On Wed, 10 Aug 2016 21:30:57 +0100, Martin Brown wrote:

On 10/08/2016 18:20, Ermin Trude wrote:
On Wed, 10 Aug 2016 17:42:14 +0100, Chris Hogg wrote:

On Wed, 10 Aug 2016 10:47:53 -0500, Ermin Trude
wrote:

Has anyone any experience of pollarding cherry trees please?

Whatever you do, make sure you do it in the summer, to minimise the
possibility of infection by silver leaf or canker.


Pollarding always looks a bit too brutal and ugly for my taste.


I can undersatnd that - but it can be a good option on a lot of hardwoods.

I haven't ever done this but a neighbour had some professional tree
surgeons in to prune some very large flowering cherry trees - getting on
for 50 years old and 40+' high.
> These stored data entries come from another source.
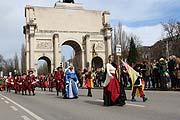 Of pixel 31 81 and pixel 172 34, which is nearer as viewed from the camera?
pixel 31 81

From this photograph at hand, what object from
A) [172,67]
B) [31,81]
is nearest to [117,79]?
[172,67]

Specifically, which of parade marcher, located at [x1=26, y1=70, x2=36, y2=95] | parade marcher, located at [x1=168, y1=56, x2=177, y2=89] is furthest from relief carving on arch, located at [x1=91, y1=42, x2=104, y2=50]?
parade marcher, located at [x1=168, y1=56, x2=177, y2=89]

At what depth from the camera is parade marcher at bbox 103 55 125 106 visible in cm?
1448

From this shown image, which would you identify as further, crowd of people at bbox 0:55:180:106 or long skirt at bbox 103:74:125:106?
crowd of people at bbox 0:55:180:106

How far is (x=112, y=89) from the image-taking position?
47.9 ft

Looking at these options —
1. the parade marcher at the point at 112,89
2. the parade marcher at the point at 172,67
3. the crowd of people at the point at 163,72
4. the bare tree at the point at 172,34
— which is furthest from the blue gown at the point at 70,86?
the bare tree at the point at 172,34

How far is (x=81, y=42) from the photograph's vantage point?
234 ft

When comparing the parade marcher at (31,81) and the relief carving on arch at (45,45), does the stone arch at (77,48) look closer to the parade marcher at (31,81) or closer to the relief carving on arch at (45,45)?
the relief carving on arch at (45,45)

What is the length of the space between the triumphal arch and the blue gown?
47135mm

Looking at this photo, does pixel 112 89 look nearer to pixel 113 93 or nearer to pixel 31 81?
pixel 113 93

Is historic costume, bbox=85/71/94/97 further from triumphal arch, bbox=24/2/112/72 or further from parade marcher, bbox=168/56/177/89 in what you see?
triumphal arch, bbox=24/2/112/72

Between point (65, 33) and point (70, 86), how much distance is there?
5113 cm

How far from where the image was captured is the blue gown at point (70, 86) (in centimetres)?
2033

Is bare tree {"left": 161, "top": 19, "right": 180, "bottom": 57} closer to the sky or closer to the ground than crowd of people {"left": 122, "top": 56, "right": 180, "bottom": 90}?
closer to the sky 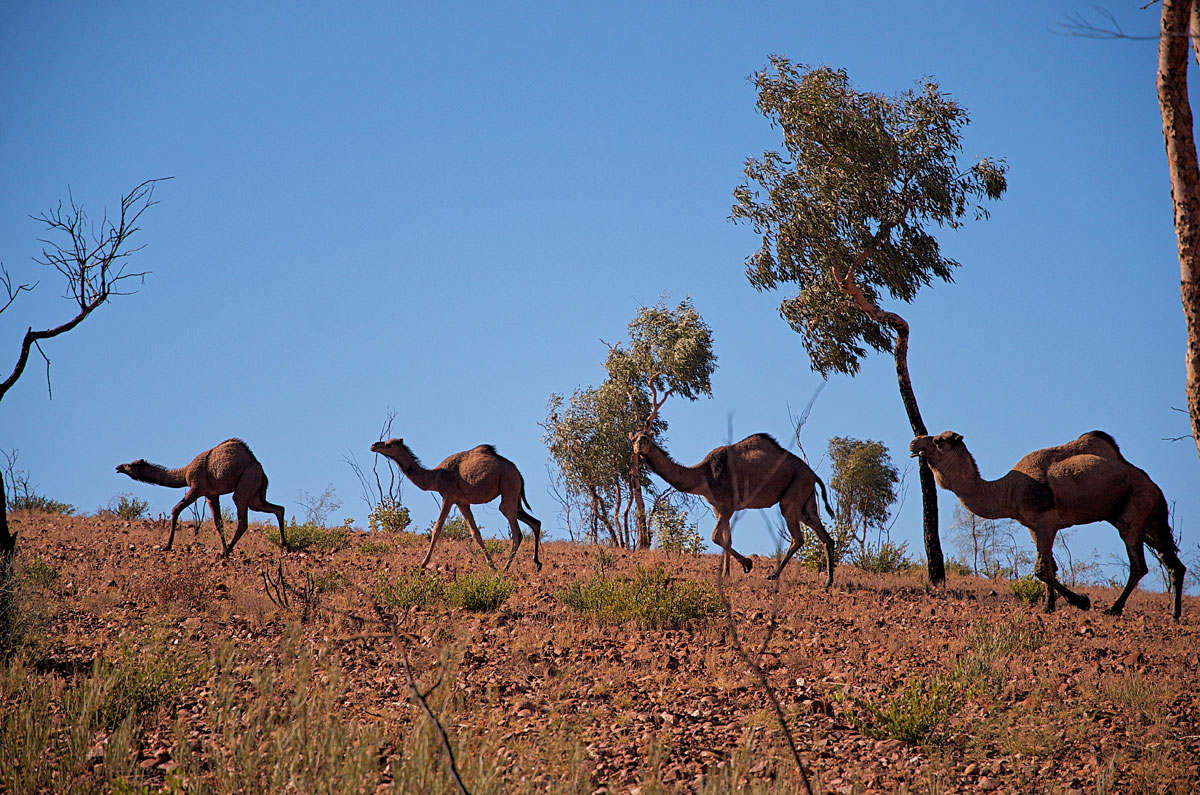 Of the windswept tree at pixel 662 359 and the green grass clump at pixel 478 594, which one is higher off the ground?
the windswept tree at pixel 662 359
Spectacular in flower but shading their
entire garden out. They recommended cutting back by about 1/3 to 1/2 and
the owner chose to have them cut back by 1/4 to 1/3.

The trees quickly bounched back - responding to pruning with rapid
growth.


That can be a problem with pruning in that each branch will throw out
lots of new growth. I have a couple of Acers in the garden that I do
prune every few years once the new growth has become usable on the stove.

My instinct is that it is already a bit late for such brutal pruning
this year because of the risk of silver leaf infection in the wounds.


Oh absolutely - I'm planning my next year's 'big jobs' for the garden.
I've a couple of other trees that I will be having felled by an arborist
as they are far too big for me to tackle so it may be that when he comes
this Autumn I may ask him for some 'free advice' on the cherries,
forearmed with the discussions here.